Hadits Hadits Tentang Ramadhan Dan Puasa (15)
Niat Puasa Romadhon Di Malam Hari
(Oleh: al-Ustadz Muslim al-Atsari, hafizhahullah)
Hadits Hafshoh Bintu Umar radhiyallaahu ‘anhuma:
عَنْ حَفْصَةَ، عَنْ النَّبِيِّ صَلَّى اللهُ عَلَيْهِ وَسَلَّمَ قَالَ: «مَنْ لَمْ يُجْمِعِ الصِّيَامَ قَبْلَ الفَجْرِ، فَلَا صِيَامَ لَهُ»
Dari Hafshoh radhiyallaahu ‘anhu, dari Nabi ﷺ, beliau bersabda: “Barangsiapa yang tidak berniat puasa sebelum fajar maka tidak ada puasa baginya.”([1])
Di dalam riwayat lain dengan lafazh:
«مَنْ لَمْ يُبَيِّتِ الصِّيَامَ قَبْلَ الْفَجْرِ، فَلَا صِيَامَ لَهُ»

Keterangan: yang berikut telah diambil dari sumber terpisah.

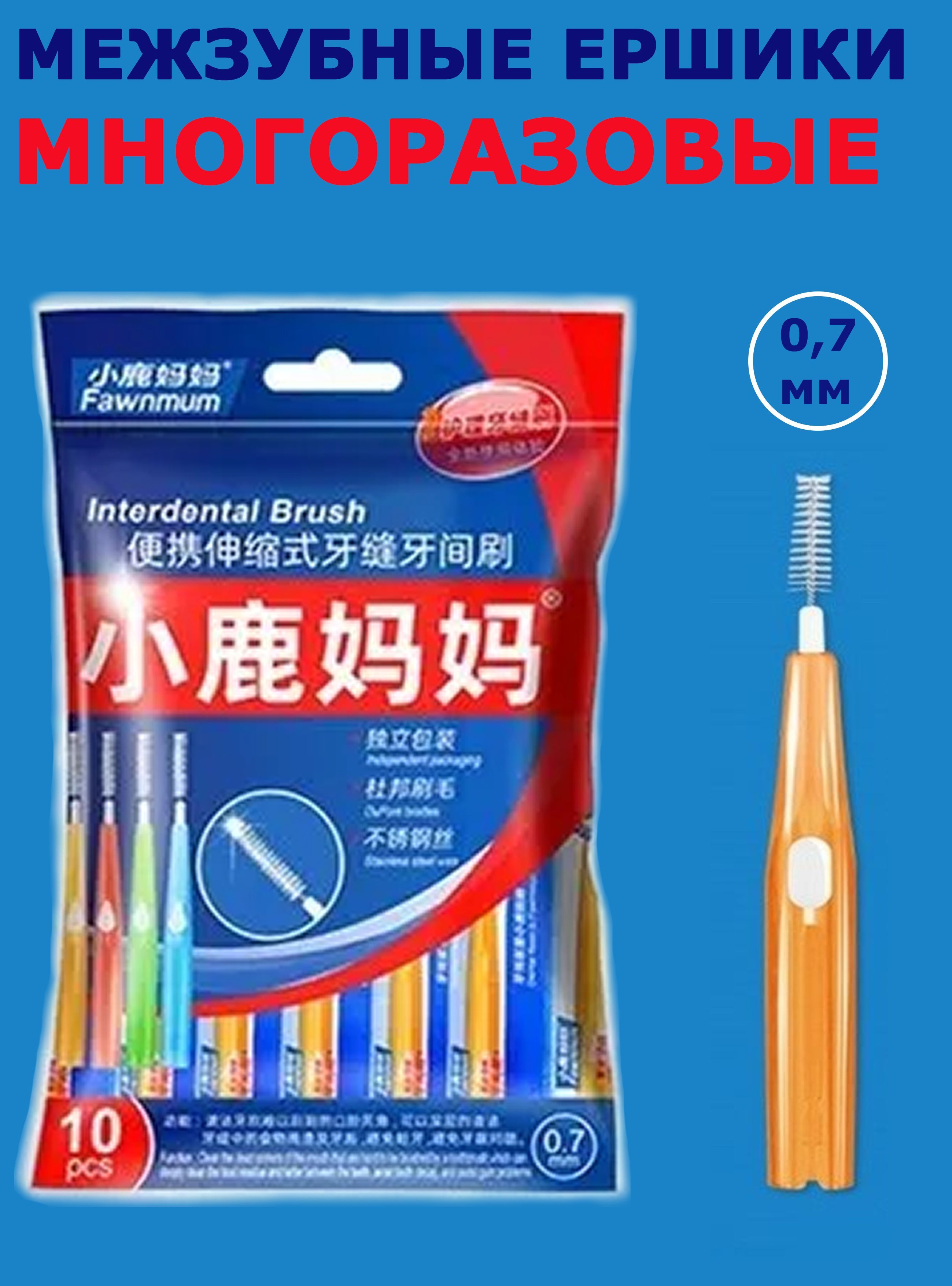 Межзубные ершики, Interdental Brush, 0.7 мм, набор 10 штук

“Barangsiapa yang tidak berniat puasa sebelum fajar maka tidak ada puasa baginya.”([2])
Hadits Ibnu Umar Mauquf:
عَنْ ابْنِ عُمَرَ، أَنَّهُ كَانَ يَقُولُ: «لَا يَصُومُ إِلَّا مَنْ أَجْمَعَ الصِّيَامَ قَبْلَ الْفَجْرِ»
Dari Ibnu Umar radhiyallaahu ‘anhuma, bahwa dia berkata: “Tidak berpuasa kecuali orang yang berniat puasa sebelum fajar.”([3])
FAWAID HADITS:
1- Puasa Romadhon memiliki dua rukun: (1) niat puasa di malam hari, (2) imsaak (menahan diri) dari semua pembatal puasa mulai fajar shodiq sampai tenggelam matahari.

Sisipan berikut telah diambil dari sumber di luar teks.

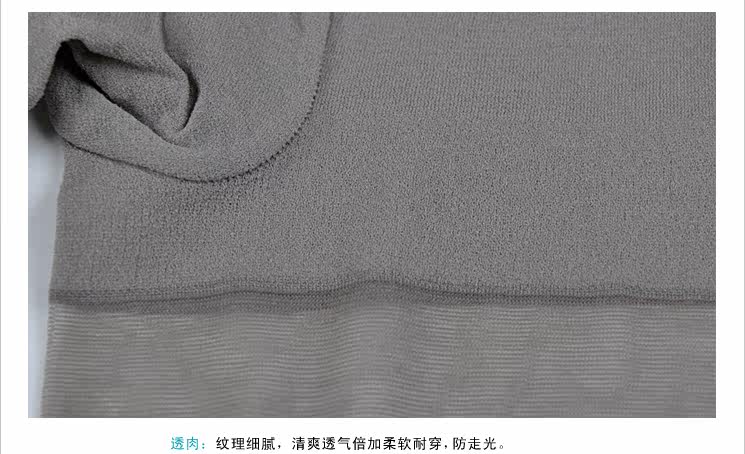 Chaussettes - collants NYZLK803 - Ref 761301 Image 27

2- Niat adalah tujuan atau kehendak di dalam hati. Niat dalam pembicaraan ulama memiliki dua makna:
Pertama: Memisahkan sebagian ibadah dengan ibadah yang lain. Seperti: memisahkan sholat zhuhur dengan ashar, memisahkan puasa romadhon dengan puasa lainnya. Atau memisahkan ibadah dengan ‘adat. Seperti: memisahkan mandi janabat dengan mandi untuk kebersihan. Ini adalah makna niat yang banyak ditemui di dalam perkataan fuqoha (ahli hukum Islam).

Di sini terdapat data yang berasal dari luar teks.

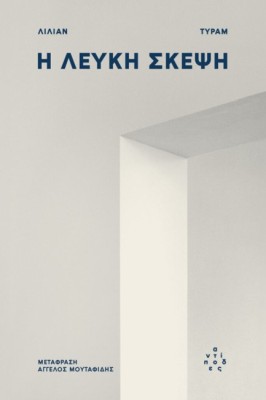 Η ΛΕΥΚΗ ΣΚΕΨΗ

Kedua: memisahkan tujuan amal, apakah tujuannya Alloh semata, atau Alloh dan yang lainnya. Ini adalah makna niat yang banyak dibicarakan oleh para Salaf zaman dahulu.([4])
3- Puasa adalah ibadah, maka harus niat ikhlas untuk Allah semata. Untuk melakukan puasa wajib, seperti romadhon, harus ada niat di setiap malam.
4- Puasa sunnah boleh berniat di pagi hari sebelum makan atau minum, sebagaimana pernah dilakukan oleh Nabi ﷺ.
5- Niat itu letaknya di dalam hati, tidak diucapkan dengan lidah, sebab hal ini tidak dituntunkan oleh Nabi ﷺ.
Imam An-Nawawi rahimahullah –seorang ulama besar Syafi’iyah- mengatakan,
لَا يَصِحُّ الصَّوْمُ إِلَّا بِالنِّيَّةِ، وَمَحَلُّهَا الْقَلْبُ. وَلَا يُشْتَرَطُ النُّطْقُ بِلَا خِلَافٍ.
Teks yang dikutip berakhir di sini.